Instructions to follow:
Your copy should hold only the lines from the one containing "AI Generated Wave" through the final line of the entries, exactly as written, with no pictures.
Top of Exercise inputs
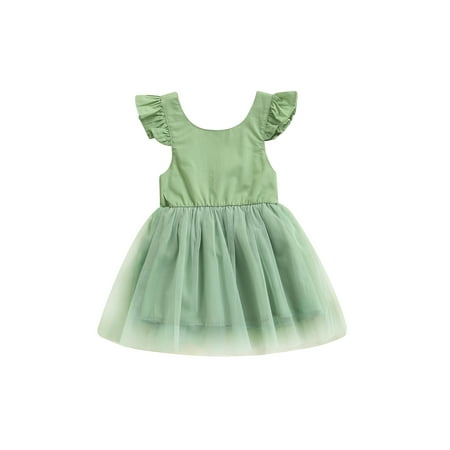 

Bagilaanoe Toddler Baby Girl Summer Dress Ruffle Fly Sleeve A-line Princess Dresses 1T 2T 3T 4T 5T 6T Kid Patchwork Tulle Skirt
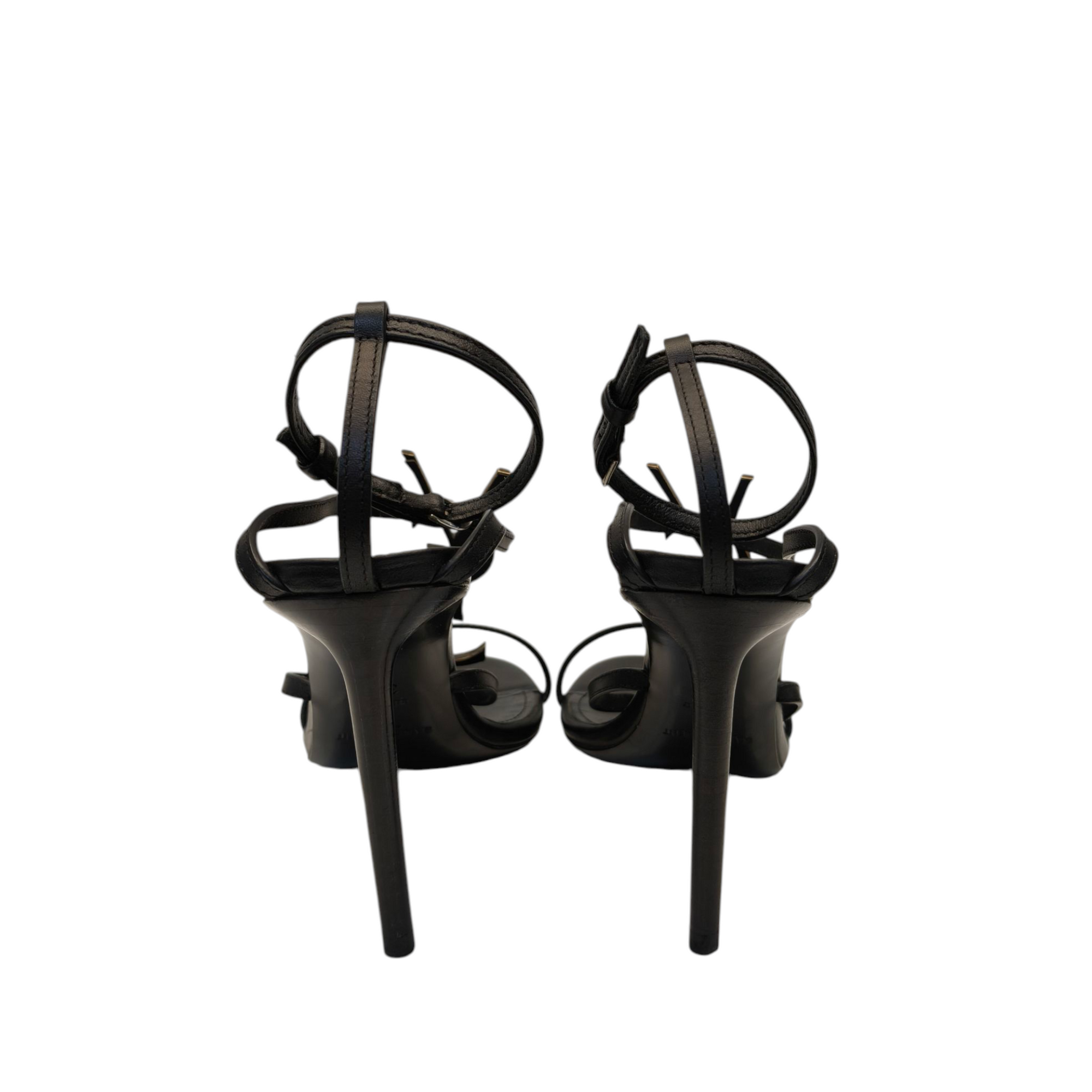 Saint Laurent Paris Black Leather Cassandra Ankle Strap Sandals EU 35.5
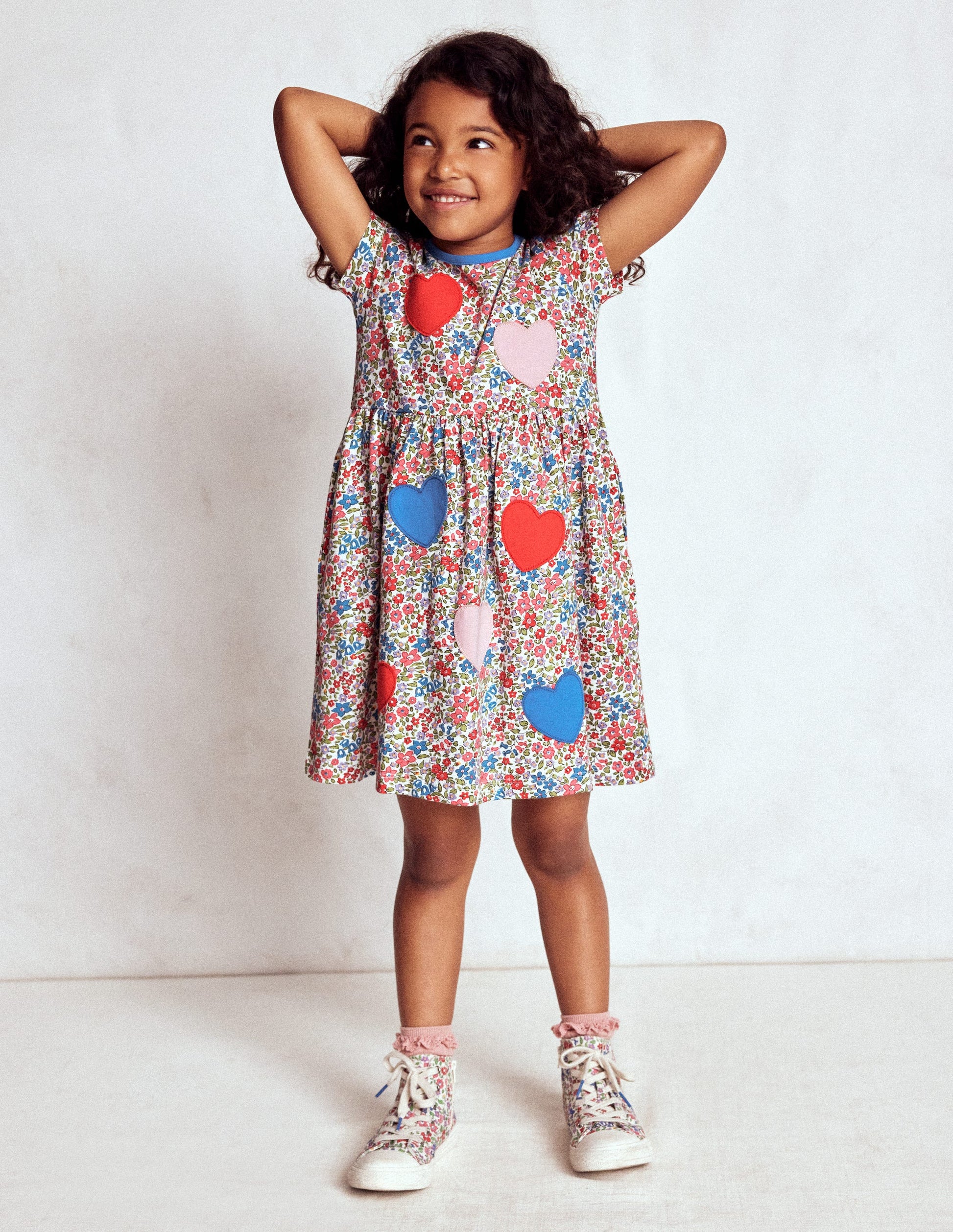 Appliqué  T-shirt Dress-Rose Pink Flowerbed Hearts-3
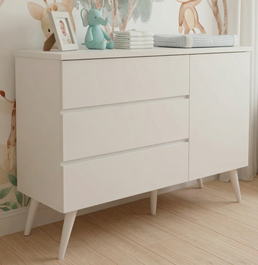 Cômoda de Bebê Viena com Porta Greige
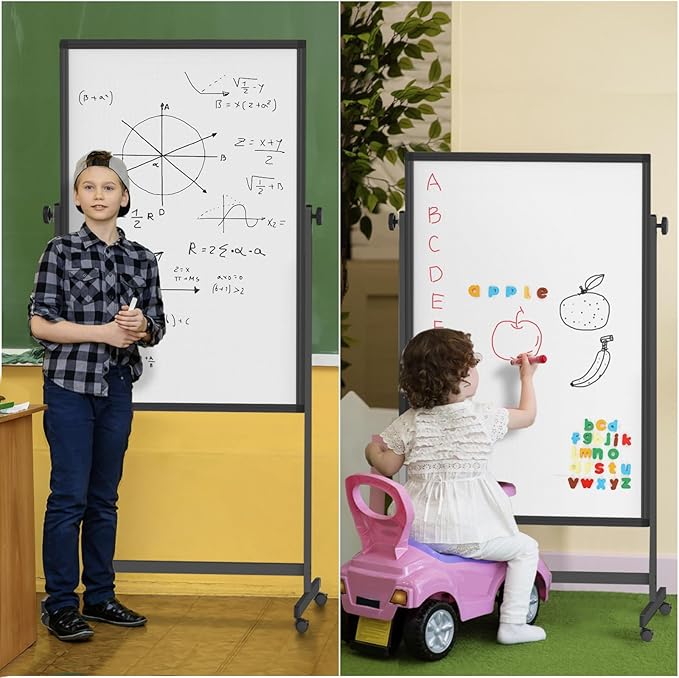 Rolling Whiteboard on Wheels, 32x48 Inches Double-Sided Magnetic Dry Erase Board with Stand, Height Adjustable Mobile White Board Easel for Classroom Home Office Black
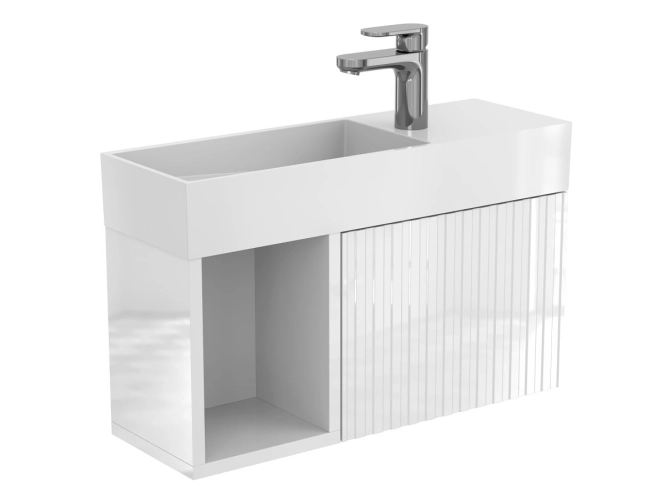 Тумба підвісна AURA біла глянцева для умивальника TONI 650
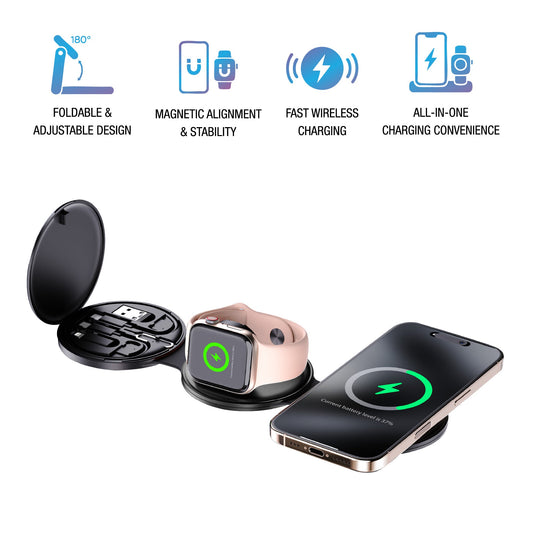 Complete Wireless Charging & Comfort Bundle – Sip & Charge 2-in-1 Mug Warmer + 5-in-1 Folding Charging Station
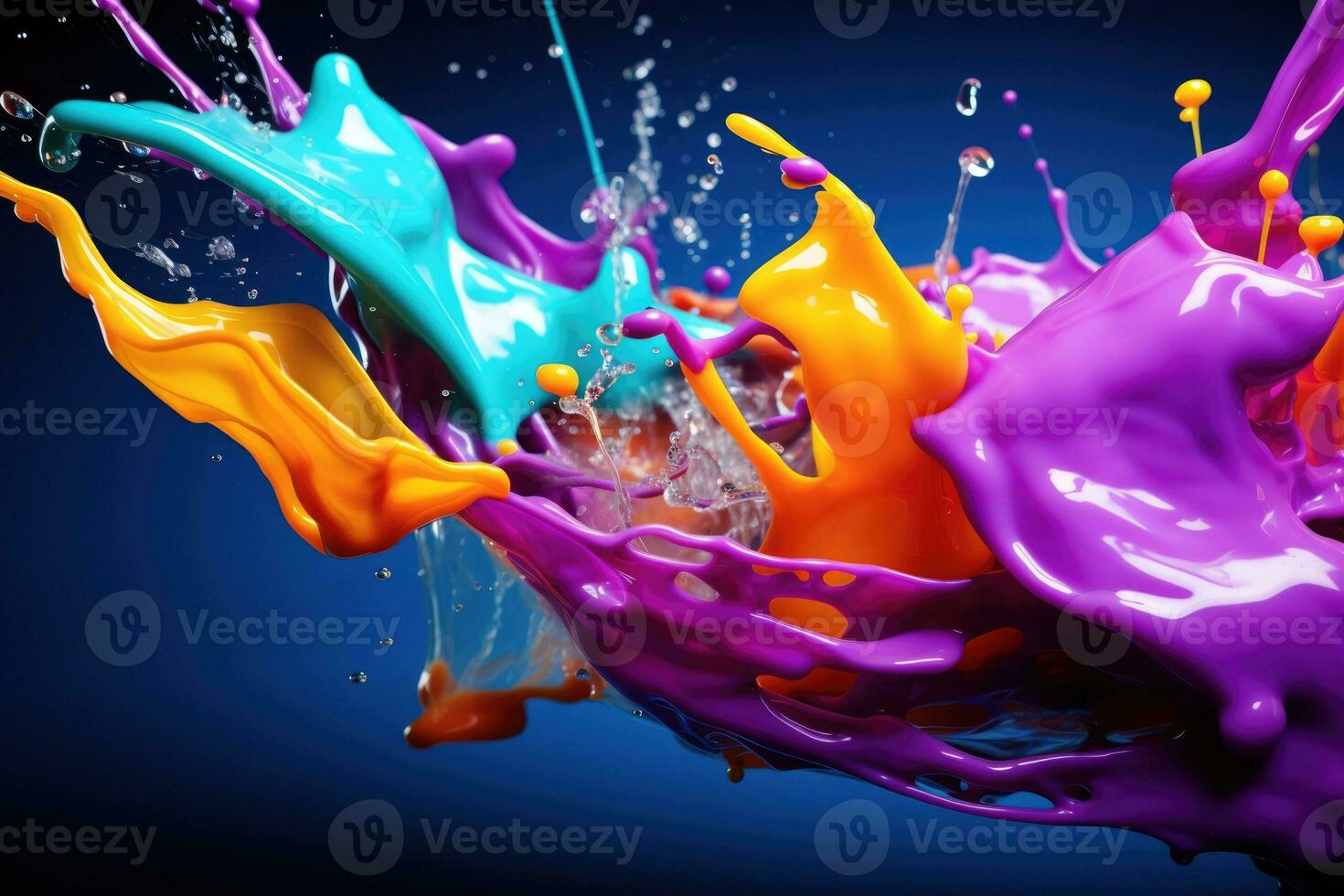 AI Generated Wave painter cmyk drop mixed painting dynamic abstract liquid hit rainbow splashing art photo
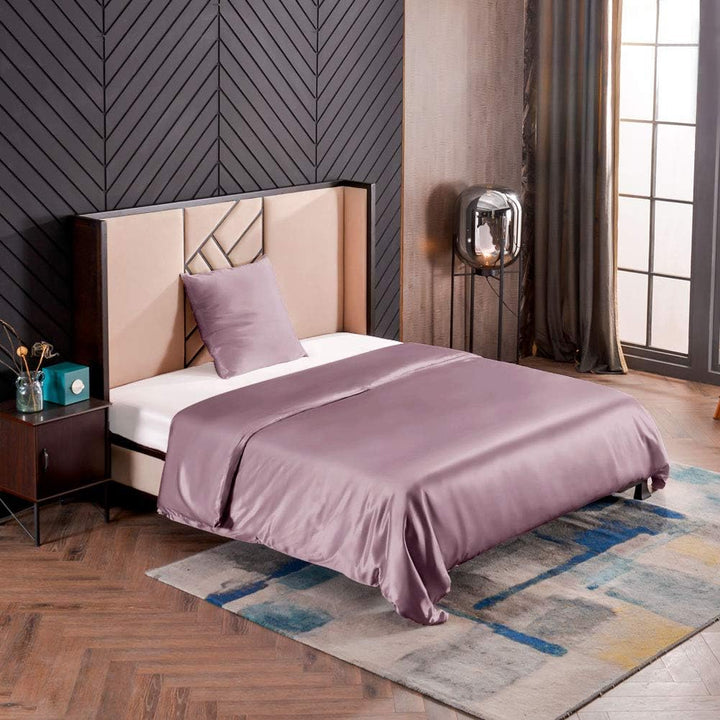THXSILK Seidenbettwäsche Set 2 teilig, Bettbezug 155x 220 cm und 80 x 80 cm Kissenbezug, Hypoallerge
Bottom of Exercise inputs
Output below:
 AI Generated Wave painter cmyk drop mixed painting dynamic abstract liquid hit rainbow splashing art photo
THXSILK Seidenbettwäsche Set 2 teilig, Bettbezug 155x 220 cm und 80 x 80 cm Kissenbezug, Hypoallerge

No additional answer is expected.